My own work in this context, see actor, is orthogonal to the above mentioned works.
The main point of actor is the ability to pattern match over multiple events (messages) in the message queue. Here's a simple example. Suppose, you write a market-place actor which receives requests from sellers and buyers. The task is to find matching sellers and buyers. In the actor extension this can be elegantly specified as follows (I'm using some pseudo-syntax here):
receive Seller item & Buyer item --> ...
Try to express the same using standard actors where we can pattern match over a single message only. There's more info about actors with multi-headed receive clauses in some earlier post. Please check out the COORDINATION'08 paper (online) for the details of the matching algorithm which is implemented in actor.
I retrospect, I should have named the package 'multi-headed-actor', what a freaky name :)
The actor approach is built upon concurrent channels but instead we could rely on distributed channels based on haskell-mpi or ErlangInHaskell.

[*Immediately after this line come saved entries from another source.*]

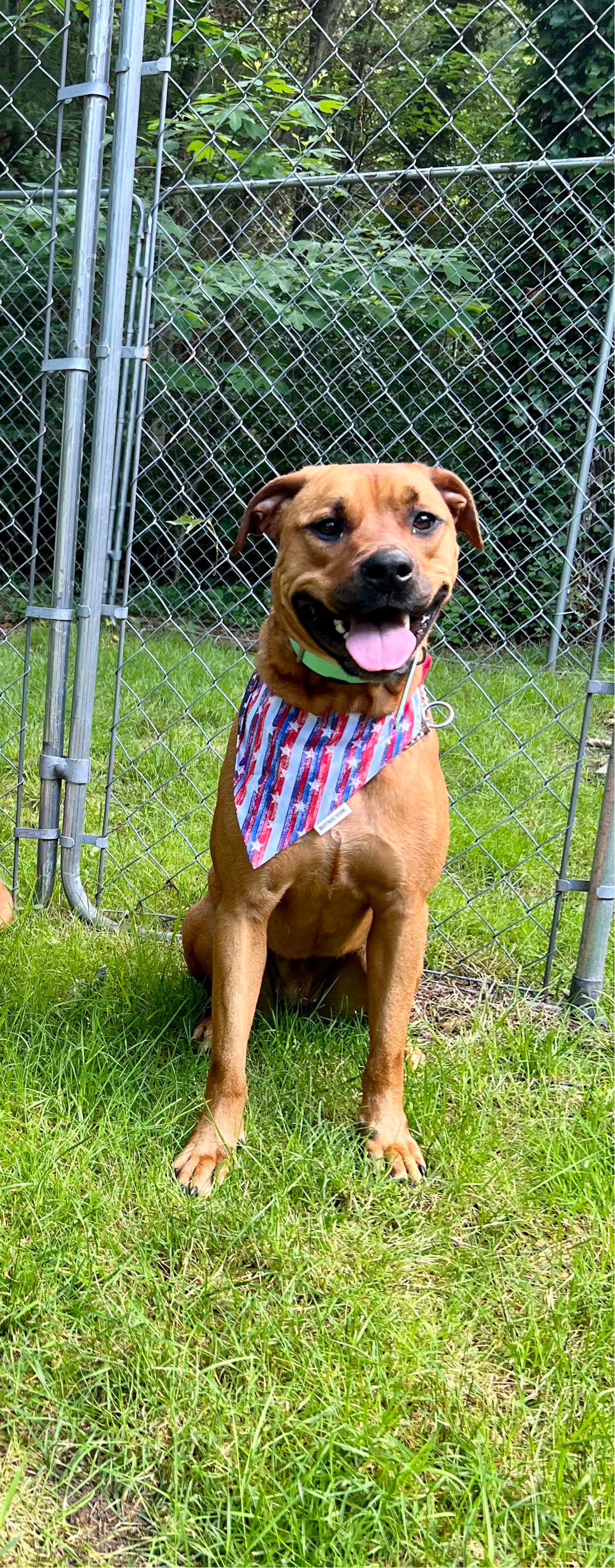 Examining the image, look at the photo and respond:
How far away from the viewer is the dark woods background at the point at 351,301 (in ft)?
16.5

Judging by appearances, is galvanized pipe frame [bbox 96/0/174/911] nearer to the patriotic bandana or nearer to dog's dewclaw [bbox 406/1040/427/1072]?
the patriotic bandana

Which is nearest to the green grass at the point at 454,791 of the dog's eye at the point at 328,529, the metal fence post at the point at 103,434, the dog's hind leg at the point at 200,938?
the metal fence post at the point at 103,434

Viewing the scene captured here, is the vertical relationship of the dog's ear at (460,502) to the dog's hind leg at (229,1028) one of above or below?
above

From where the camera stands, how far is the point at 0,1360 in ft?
5.44

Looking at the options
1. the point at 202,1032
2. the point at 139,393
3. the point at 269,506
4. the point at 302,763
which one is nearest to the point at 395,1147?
the point at 202,1032

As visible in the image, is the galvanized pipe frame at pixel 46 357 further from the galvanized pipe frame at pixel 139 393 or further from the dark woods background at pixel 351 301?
the dark woods background at pixel 351 301

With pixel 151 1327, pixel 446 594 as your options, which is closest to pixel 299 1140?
pixel 151 1327

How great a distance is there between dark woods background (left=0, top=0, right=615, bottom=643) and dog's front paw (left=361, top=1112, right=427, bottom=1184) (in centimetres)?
285

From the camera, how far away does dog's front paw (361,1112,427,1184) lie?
7.11 ft

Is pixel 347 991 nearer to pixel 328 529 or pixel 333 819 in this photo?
pixel 333 819

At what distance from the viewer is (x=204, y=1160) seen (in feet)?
6.97

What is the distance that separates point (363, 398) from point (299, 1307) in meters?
5.36

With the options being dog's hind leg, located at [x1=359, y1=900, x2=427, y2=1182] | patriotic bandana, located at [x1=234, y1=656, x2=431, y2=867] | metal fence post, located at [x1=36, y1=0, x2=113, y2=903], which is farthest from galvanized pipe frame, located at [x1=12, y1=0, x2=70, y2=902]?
dog's hind leg, located at [x1=359, y1=900, x2=427, y2=1182]

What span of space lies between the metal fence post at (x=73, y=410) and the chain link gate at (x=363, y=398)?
0.16ft
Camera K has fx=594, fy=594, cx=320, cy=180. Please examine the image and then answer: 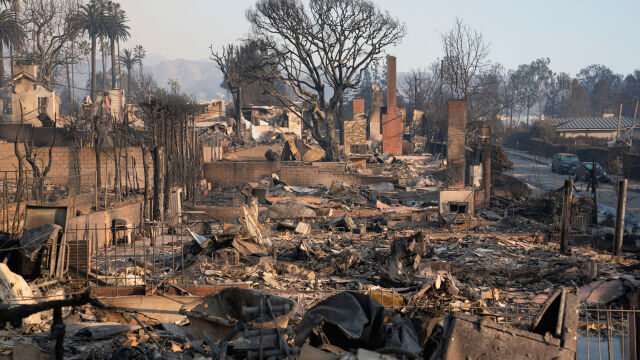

This idea (of receive patterns with multiple heads) has been picked up by others, e.g. see the following works which basically adopt the matching algorithm from actor
- Hubert Plociniczak and Susan Eisenbach. JErlang: Erlang with Joins
- Scala Joins Library:
Implementing Joins using Extensible Pattern Matching
by Philipp Haller and Tom Van Cutsem
2 comments:
actor fails to build in GHC 7. Could you please update this package to work with the current GHC version?
Yes, this is in the works, as well as upgrading to a more recent GHC version.
Quite hectic at my end (exam period), will work on this over the coming week-end.